Saturday, October 22, 2011

A combined KMZ file for BEST, GHCN, GSOD and CRUTEM3

Update I have modified the ALL4.kmz file, which you can download here. I updated the data.txt file, where BEST had mistakenly posted the MAX file. And I found the problem which had led to the previous version showing very little early BEST data. BEST had a  column saying how many days in each month had readings, and I set a filter to require at least 10 days. However, much of the early period had this set to -99, which meant the data was rejected. I have removed the filter, and now there are a lot of pre-1850 sites.

This is a development foreshadowed in the previous post. I have put a combined .kmz file with data from 4 land station datasets. GHCN is actually v2, but there is very little difference at this level between v2 and v3. CRUTEM3 is the version released in July, discussed here. GSOD was discussed here.

There is now much more information - in fact, when you open the file in Google Earth, it looks colorful but cluttered. The pushpins are colored according to dataset - yellow for BEST, green for GHCN, red for GSOD, and a sort of dull green for CRUTEM3. They also vary in size - the smallest has 0-30 years of data, next has 31-60, and the largest has more than 60.

But the key to looking it is that the data is stored in folders. At the top level, there is a folder for each dataset. At the next level down, they are classified according to start year of data. The ranges are 0-1850, 1851-80, 1881-1900,1901-1920, 1921-30, 1931-40, 1841-50, 1951-60, 1961-70, 1971-80, 1981-90, 1991-2000, and 2001-2011. As I'll show in the next picture, in Google earth you can toggle on/off at any level. If a dataset is on, you can toggle the year folders. If you want to see in any set the years before 1921, just toggle off the later folders.

Update - I had a warning briefly that there were spurious sites in the BEST folder. These had start years of -9.9999 and so went into the pre-1950 folder. That is fixed, but there's a new problem that the pre-1850 folder is almost empty. That could be real, but the BEST Team have done analyses for this period. See below for a discussion of the data.Fixed

The Start year, End year and Duration have been added to the pop-up balloon that you get by clicking on a station. The file is called ALL4.kmz, and can be found here.

Here's a GE snapshot of the toggle facility. You have to click on a few +s to see this.

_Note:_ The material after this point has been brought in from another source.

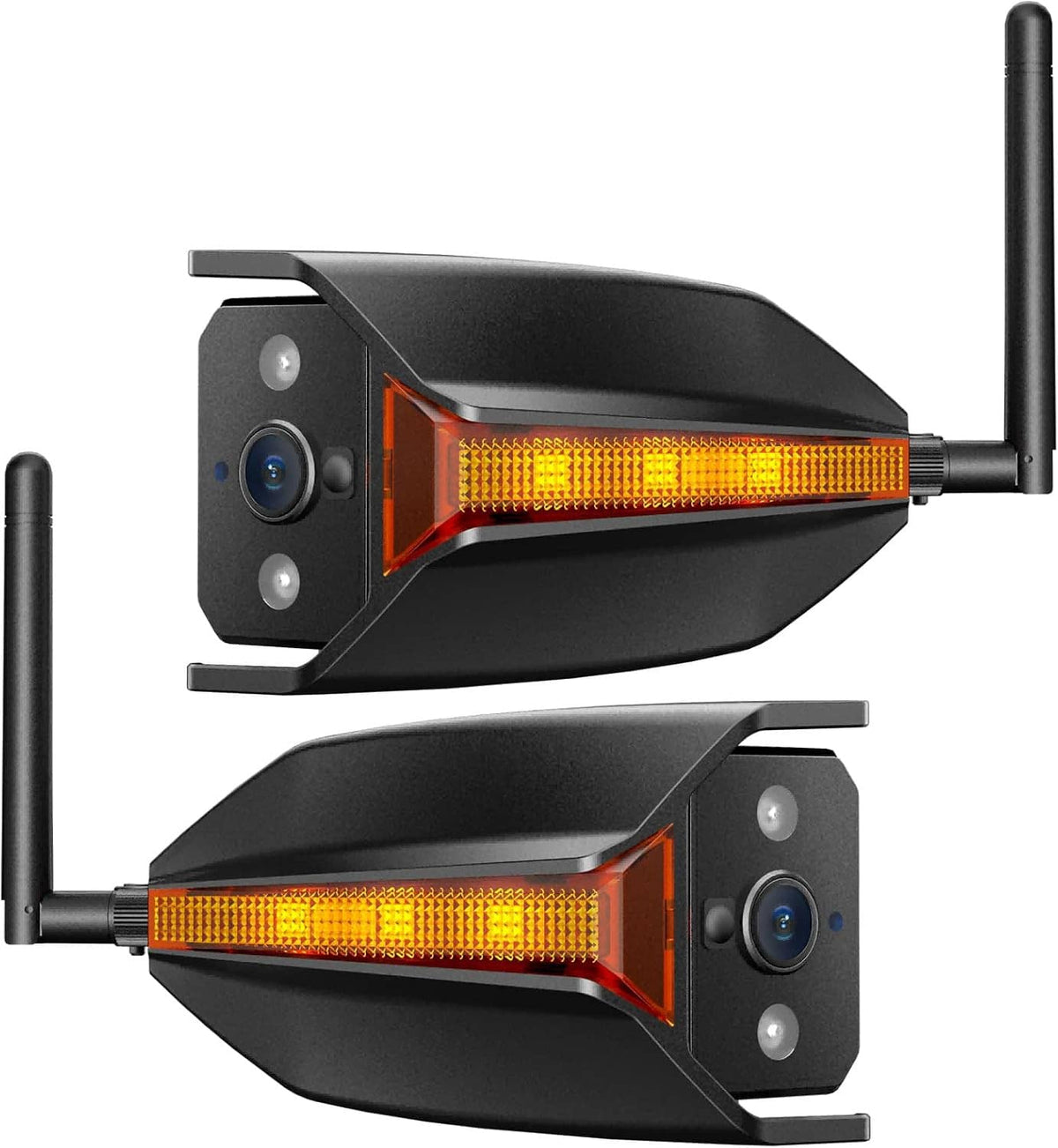 Wireless backup side cameras with antennas, black housings and amber LED bars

GSOD and CRUTEM3 are not visible. BEST shows only stations with data before 1971. GHCN is visible, but you'd have to open that menu to see which years. I had it matching BEST.

Added: To get the data years for BEST, I used the data.txt file in their PreliminaryTextDataset folder. That looks right, but I need to investigate to see if it includes everything. There seem to be early stations missing.

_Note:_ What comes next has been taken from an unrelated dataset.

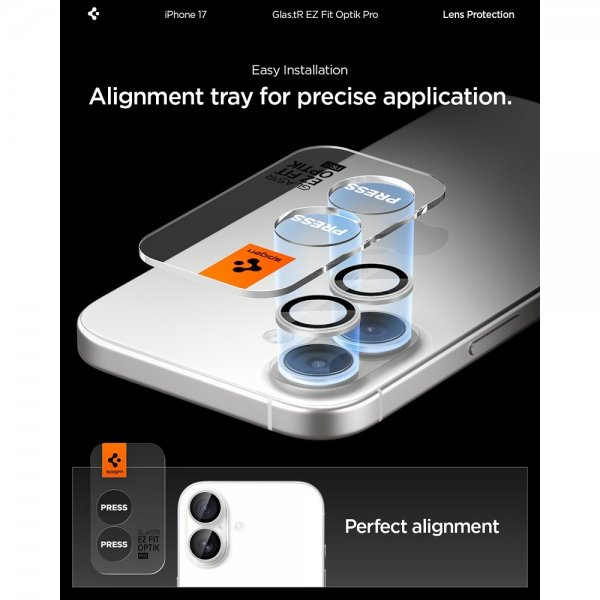 Spigen iPhone 17 Kameraskydd GLAS.tR EZ Fit Optik Pro 2-pack Silver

  1. Doesn't BEST incorporate GSOD?

    Regardless, an interesting study would be to run TempLS on those stations that are reasonably far away from any GHCN stations, thus creating a temperature series using only "new" stations. That would answer those who believe that these results are due to the overlap of data.

  2. CCE,
    I had expected that they use everything available. If you click on the KMZ file with all folders open, you usually find that the pushpin breaks into several, and there are usually one, often two, BEST stations among them.

    Yes, I could do that test. It's a bit fiddly getting the pairwise distances. Another check might be how many BEST stations are effectively duplicates - close together. It seems quite common.